My favourites are probably _Kid A _and _In Rainbows_, but only by a slight margin over _Ok Computer _and _Hail to the Thief._


----------



## Xenakiboy (May 8, 2016)

Can't say that I do think about Radiohead much. I don't see them as great as they're made out to be but I admit there are a few alright songs, mainly on Ok Computer though. I can't say that this type of alternative rock has a lot of appeal for me though.


----------



## Art Rock (Nov 28, 2009)

General comment on this and similar threads: some posts are really not worth responding to.


----------



## Iean (Nov 17, 2015)

^^^ I have no problem if somebody tells me that this artist or this band is crap - that is his opinion. BUT he has to tell me who/which artist is not crap for him, otherwise he is just another click-baiting troll whose real-life existence is so pathetic that he has to create an online existence which gives him the chance to experience the things deprived of him in real life - fame, money, style, RESPECT, etc.:angel:


----------



## Xenakiboy (May 8, 2016)

I think the song Daydreaming off the new album was interesting, I saw it in passing and liked the video. I don't dislike the band but don't have much an opinion personally, I have heard a reasonable amount of their catalogue, just not my kind of Alternative rock.


----------



## Biwa (Aug 3, 2015)

Don't lose sleep over it, Iean. Music is subjective. 
I find most of the discussions about so-called 'serious' Classical music here quite amusing. Intellectual head banging for sure! :lol:
But, it's fun (and often but not always educational) to read.
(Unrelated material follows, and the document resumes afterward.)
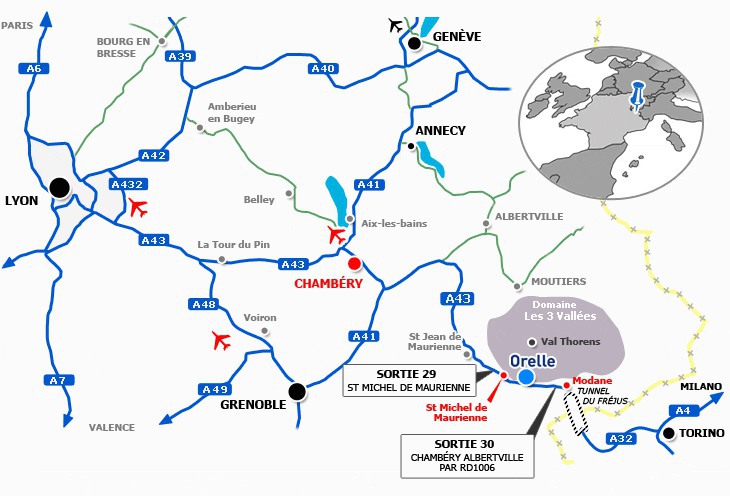 directions and map of how to get to orelle ski resort, les 3 vallees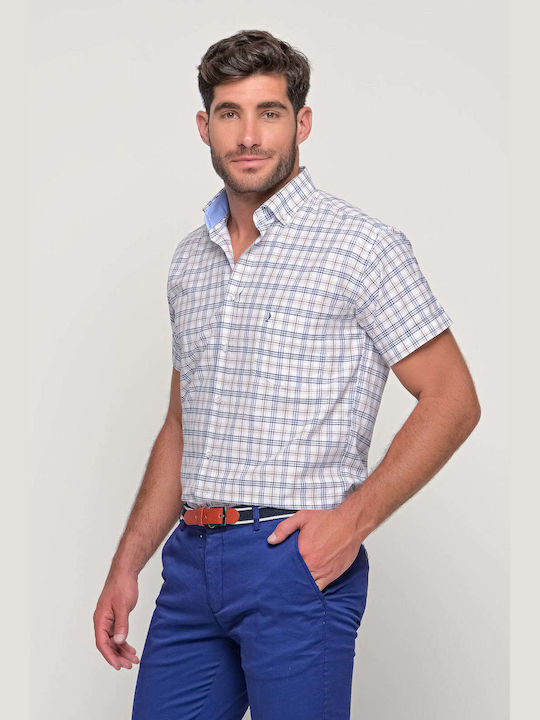 Ncs Men's Shirt Short Sleeve Checked White-beige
About Radiohead...I love their music. I only wish they would remix their music into 5.1 or 4.0 surround. Like 1970s Prog Rock, it would open up amazingly and reveal so much.


----------



## Iean (Nov 17, 2015)

Biwa said:


> Don't lose sleep over it, Iean. Music is subjective.
> I find most of the discussions about so-called 'serious' Classical music here quite amusing. Intellectual head banging for sure! :lol:
> But, it's fun (and often but not always educational) to read.
> 
> About Radiohead...I love their music. * I only wish they would remix their music into 5.1 or 4.0 surround.* Like 1970s Prog Rock, it would open up amazingly and reveal so much.


Agree on this:angel:


----------



## Morimur (Jan 23, 2014)

Iean said:


> ^^^ I have no problem if somebody tells me that this artist or this band is crap - that is his opinion. BUT he has to tell me who/which artist is not crap for him, otherwise he is just another click-baiting troll whose real-life existence is so pathetic that he has to create an online existence which gives him the chance to experience the things deprived of him in real life - fame, money, style, RESPECT, etc.:angel:


:tiphat: :tiphat: :tiphat: :tiphat:


----------



## regenmusic (Oct 23, 2014)

Note I didn't put Radiohead down, I just said that I never really liked them. I can see why they are considered one of the greatest modern bands. I think sometimes there is a generation gap with some people, where they just don't naturally enjoy some new band based on some aspect of merit that is no longer being used by the newer band. And, even in older bands that are considered great, there is some reason why I don't like their music. Such bands for me would be Tull and Queen, I was just never a fan of theirs. One thing about Radiohead: they have this "little band" demeanor about them, but they are a hundred million dollar band machine, one of the biggest bands today. They do generate a lot of money and help pay a lot of people's paychecks. I don't think that's bad, I just want to point it out because it's funny how the two can go hand in hand. Something about them seems so small and low key.


----------



## EdwardBast (Nov 25, 2013)

Iean said:


> ^^^ *I have no problem if somebody tells me that this artist or this band is crap - that is his opinion. BUT he has to tell me who/which artist is not crap for him*, otherwise he is just another click-baiting troll whose real-life existence is so pathetic that he has to create an online existence which gives him the chance to experience the things deprived of him in real life - fame, money, style, RESPECT, etc.:angel:


I was with you for the bold portion (before you launched into gratuitous abuse ) It's like that guy who recently joined the forum to say Beethoven sucks and who never responded when he was asked what music he preferred. We deserve to know how seriously to take our critics. On that note - and I hope he will correct me if I am wrong - Morimur is, I believe, a big fan of The Velvet Underground. I was interested to learn that after hearing him dismiss King Crimson. 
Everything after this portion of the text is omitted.